Ever wondered what it’s like to ride in a driverless car? How about a driverless race car zooming around the Silverstone Circuit at high speed?
Well that’s what I did this week, and I can tell you it feels a lot like a rollercoaster … until you remember that there are no tracks, and the only thing stopping you from ploughing into the stands is a bunch of sensors and a little on-board computer.
My Silverstone experience was courtesy of British start-up company Roborace – makers of the world’s fastest autonomous racing car.
The vehicle that holds the Guinness World Record, with a top speed of 282.42kph (175.49mph), is a fully self-driving race car called Robocar, which is also the first vehicle to complete the hill-climb at Goodwood Festival of Speed entirely autonomously.
But Robocar has no cockpit for a human driver, so Roborace has another vehicle called DevBot 2.0, which uses the same artificial intelligence technology as Robocar but includes a passenger seat, steering wheel and pedals.
I did two laps of the Silverstone Circuit – the first driving myself, which turned out to be rather eventful when I took a wrong turn and ended up on the wrong part of the track, and the second letting the AI take the wheel.
While I’m a naturally cautious driver, the AI has no fear and waits until what feels like the last possible moment before braking, resulting in a hair-raising experience going around corners.
However, I was surprised at how safe I felt during the AI lap – despite the disconcerting sight of the steering wheel turning itself in front of me.
This might be because the speed was capped at 100kph (60mph), but it was also an extremely smooth ride, and it was clear that every turn had been calculated with mathematical precision.
Like the driverless cars being developed by the likes of Google and Uber over in California, Roborace’s vehicles use LIDARs, radars, AI cameras, ultrasonic sensors, optical speed sensors and GNSS positioning to drive themselves.
They also run Nvidia’s Drive PX2 AI car computing software, which essentially acts as the “brain” of the car, enabling it to interpret all the information from the sensors.
Roborace hopes to accelerate the development of autonomous software and contribute to the broader driverless car revolution by pushing the technology to its limits in a range of controlled environments.
Earlier this year, for example, the company announced a collaboration with VW Data:Lab and Italdesign to test emergency braking and obstacle avoidance path planning.
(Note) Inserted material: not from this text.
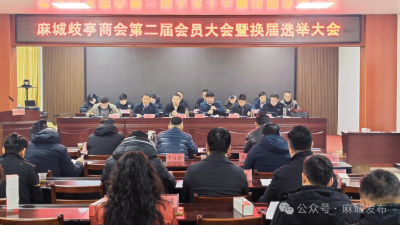 麻城歧亭商会第二届会员大会暨换届选举大会召开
“We can get to technology gains far quicker by challenging ourselves in harder environments,” Paul Andrews, Senior Partnership Development Manager at Roborace, told Mirror Online.
“And with the move next year to Millbrook, where we’ll be based on a proving ground, we’ll have day-after-day testing. So we’ll get that technology transfered to the industry far quicker.”
Stephen Sidlo, Head of Digital at Roborace, added: “It’s important that we’re seen within that consumer world, but we’re at the frontier.
“Your Teslas and your Waymos are limited by traffic lights, and mothers with strollers slowing down development progress. We don’t have any of that, so we can push it as far and as quick as possible, which is the whole mantra.”
However, the company’s primary focus is on entertainment – using new and exciting formats to showcase the potential of autonomous driving and help build public trust, confidence and demand for the technology.
One aspect of this is wheel-to-wheel racing and other competitions, where teams of software engineers use code to gain a competitive advantage on the track.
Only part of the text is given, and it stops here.